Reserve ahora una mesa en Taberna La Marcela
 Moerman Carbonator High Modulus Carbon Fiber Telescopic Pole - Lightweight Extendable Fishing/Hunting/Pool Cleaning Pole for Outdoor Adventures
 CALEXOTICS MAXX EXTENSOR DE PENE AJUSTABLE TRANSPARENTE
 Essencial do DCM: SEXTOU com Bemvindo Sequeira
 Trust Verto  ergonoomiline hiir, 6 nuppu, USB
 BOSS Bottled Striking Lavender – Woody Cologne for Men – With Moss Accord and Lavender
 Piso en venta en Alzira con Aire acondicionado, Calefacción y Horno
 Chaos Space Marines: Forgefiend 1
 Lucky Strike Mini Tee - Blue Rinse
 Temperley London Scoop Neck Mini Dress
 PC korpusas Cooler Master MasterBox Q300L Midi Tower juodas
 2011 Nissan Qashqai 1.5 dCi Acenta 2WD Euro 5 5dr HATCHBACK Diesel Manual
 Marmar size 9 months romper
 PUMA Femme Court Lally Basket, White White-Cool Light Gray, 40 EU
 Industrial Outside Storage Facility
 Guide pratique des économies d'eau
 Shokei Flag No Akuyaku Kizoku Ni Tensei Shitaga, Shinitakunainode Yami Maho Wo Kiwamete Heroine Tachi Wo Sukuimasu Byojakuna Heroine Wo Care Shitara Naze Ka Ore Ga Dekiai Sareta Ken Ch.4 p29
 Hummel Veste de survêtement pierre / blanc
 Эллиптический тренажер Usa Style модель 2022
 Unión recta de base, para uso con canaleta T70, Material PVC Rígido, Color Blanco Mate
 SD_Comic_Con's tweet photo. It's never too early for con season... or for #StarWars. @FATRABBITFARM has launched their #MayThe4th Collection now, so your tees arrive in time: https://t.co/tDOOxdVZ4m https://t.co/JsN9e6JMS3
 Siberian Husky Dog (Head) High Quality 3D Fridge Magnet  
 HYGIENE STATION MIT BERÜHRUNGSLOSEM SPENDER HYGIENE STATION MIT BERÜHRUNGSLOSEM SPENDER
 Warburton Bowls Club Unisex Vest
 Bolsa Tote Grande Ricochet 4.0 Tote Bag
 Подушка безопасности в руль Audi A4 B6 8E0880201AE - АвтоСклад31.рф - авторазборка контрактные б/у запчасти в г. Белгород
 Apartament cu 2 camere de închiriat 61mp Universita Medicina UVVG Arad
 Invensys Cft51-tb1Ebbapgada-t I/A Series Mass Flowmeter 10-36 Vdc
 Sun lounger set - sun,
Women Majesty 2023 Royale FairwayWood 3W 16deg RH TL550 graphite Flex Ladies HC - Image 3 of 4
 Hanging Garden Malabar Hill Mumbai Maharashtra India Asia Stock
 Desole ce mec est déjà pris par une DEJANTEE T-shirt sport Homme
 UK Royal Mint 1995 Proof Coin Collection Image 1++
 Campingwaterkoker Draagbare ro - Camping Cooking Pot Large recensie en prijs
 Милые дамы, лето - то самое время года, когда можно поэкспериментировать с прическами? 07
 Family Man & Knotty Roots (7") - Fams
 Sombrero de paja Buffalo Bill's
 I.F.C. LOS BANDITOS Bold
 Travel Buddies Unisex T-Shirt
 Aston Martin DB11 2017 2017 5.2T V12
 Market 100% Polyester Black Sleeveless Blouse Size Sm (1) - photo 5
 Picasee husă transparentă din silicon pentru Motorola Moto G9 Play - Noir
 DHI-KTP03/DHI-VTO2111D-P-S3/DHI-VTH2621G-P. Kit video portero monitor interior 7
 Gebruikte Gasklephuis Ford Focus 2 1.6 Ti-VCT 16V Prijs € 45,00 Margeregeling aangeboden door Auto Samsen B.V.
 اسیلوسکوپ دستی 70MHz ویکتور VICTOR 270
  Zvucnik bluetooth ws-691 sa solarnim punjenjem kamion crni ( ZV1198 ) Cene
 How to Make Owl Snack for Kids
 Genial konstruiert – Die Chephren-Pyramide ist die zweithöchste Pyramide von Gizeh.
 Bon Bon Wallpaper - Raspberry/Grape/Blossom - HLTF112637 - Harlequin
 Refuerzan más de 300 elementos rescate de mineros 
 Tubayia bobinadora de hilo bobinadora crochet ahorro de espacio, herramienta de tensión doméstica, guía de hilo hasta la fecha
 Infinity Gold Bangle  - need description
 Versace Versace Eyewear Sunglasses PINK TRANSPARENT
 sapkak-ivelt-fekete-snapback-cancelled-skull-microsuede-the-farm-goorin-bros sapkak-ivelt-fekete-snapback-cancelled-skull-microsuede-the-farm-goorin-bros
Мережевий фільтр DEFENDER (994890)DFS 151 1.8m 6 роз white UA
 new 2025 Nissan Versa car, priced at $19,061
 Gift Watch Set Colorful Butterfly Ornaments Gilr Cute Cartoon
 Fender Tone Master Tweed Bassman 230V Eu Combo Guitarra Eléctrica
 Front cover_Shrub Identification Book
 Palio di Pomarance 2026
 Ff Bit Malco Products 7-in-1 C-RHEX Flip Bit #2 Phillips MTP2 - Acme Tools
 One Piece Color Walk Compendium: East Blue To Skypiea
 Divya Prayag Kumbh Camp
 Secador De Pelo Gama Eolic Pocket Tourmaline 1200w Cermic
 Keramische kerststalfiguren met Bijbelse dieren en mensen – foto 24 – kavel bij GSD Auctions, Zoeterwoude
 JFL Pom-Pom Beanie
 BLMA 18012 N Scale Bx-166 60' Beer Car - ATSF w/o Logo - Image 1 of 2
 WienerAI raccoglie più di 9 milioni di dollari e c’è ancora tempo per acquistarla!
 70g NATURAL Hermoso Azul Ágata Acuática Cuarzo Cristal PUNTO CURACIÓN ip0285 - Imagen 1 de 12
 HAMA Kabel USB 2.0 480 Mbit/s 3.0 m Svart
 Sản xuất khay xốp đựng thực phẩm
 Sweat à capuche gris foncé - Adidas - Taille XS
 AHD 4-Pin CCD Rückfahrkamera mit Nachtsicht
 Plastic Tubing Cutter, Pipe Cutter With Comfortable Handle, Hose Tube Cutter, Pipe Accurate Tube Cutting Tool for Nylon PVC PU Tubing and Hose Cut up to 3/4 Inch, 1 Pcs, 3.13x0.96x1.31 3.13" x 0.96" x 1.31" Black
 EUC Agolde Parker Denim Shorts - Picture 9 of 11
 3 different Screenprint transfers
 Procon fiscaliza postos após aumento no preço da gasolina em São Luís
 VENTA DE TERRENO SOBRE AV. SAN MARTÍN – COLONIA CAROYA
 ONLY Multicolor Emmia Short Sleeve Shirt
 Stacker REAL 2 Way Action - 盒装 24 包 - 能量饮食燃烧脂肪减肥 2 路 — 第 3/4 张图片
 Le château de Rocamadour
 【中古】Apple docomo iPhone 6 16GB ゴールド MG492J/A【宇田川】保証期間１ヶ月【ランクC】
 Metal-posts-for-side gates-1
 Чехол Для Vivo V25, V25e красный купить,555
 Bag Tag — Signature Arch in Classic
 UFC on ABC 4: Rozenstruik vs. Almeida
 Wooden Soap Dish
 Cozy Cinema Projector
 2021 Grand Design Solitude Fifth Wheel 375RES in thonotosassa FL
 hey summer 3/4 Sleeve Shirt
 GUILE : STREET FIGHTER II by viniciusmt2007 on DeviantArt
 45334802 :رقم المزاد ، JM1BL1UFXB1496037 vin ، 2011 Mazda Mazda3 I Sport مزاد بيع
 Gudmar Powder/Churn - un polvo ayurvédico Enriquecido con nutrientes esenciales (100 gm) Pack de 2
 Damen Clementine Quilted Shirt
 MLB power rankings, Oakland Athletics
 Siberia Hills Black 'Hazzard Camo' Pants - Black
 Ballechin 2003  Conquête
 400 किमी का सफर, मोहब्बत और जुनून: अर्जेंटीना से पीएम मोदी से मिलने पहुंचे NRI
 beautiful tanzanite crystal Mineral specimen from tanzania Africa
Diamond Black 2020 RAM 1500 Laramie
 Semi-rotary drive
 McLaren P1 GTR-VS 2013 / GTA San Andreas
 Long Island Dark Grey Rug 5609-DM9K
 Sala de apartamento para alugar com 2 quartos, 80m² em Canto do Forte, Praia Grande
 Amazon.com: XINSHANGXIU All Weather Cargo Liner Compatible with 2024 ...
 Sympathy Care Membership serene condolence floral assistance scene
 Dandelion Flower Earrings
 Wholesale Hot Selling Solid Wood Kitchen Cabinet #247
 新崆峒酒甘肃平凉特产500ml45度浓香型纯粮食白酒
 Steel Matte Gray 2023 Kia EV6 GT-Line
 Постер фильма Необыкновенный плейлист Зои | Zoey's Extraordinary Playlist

------------------------------------------------------------------------

- **Aim of the task**:
Nothing but the lines from the one with "Sympathy Care Membership" through the end of the data above should be reproduced, each exactly, both ends included.

- **Result**:
 Sympathy Care Membership serene condolence floral assistance scene
 Dandelion Flower Earrings
 Wholesale Hot Selling Solid Wood Kitchen Cabinet #247
 新崆峒酒甘肃平凉特产500ml45度浓香型纯粮食白酒
 Steel Matte Gray 2023 Kia EV6 GT-Line
 Постер фильма Необыкновенный плейлист Зои | Zoey's Extraordinary Playlist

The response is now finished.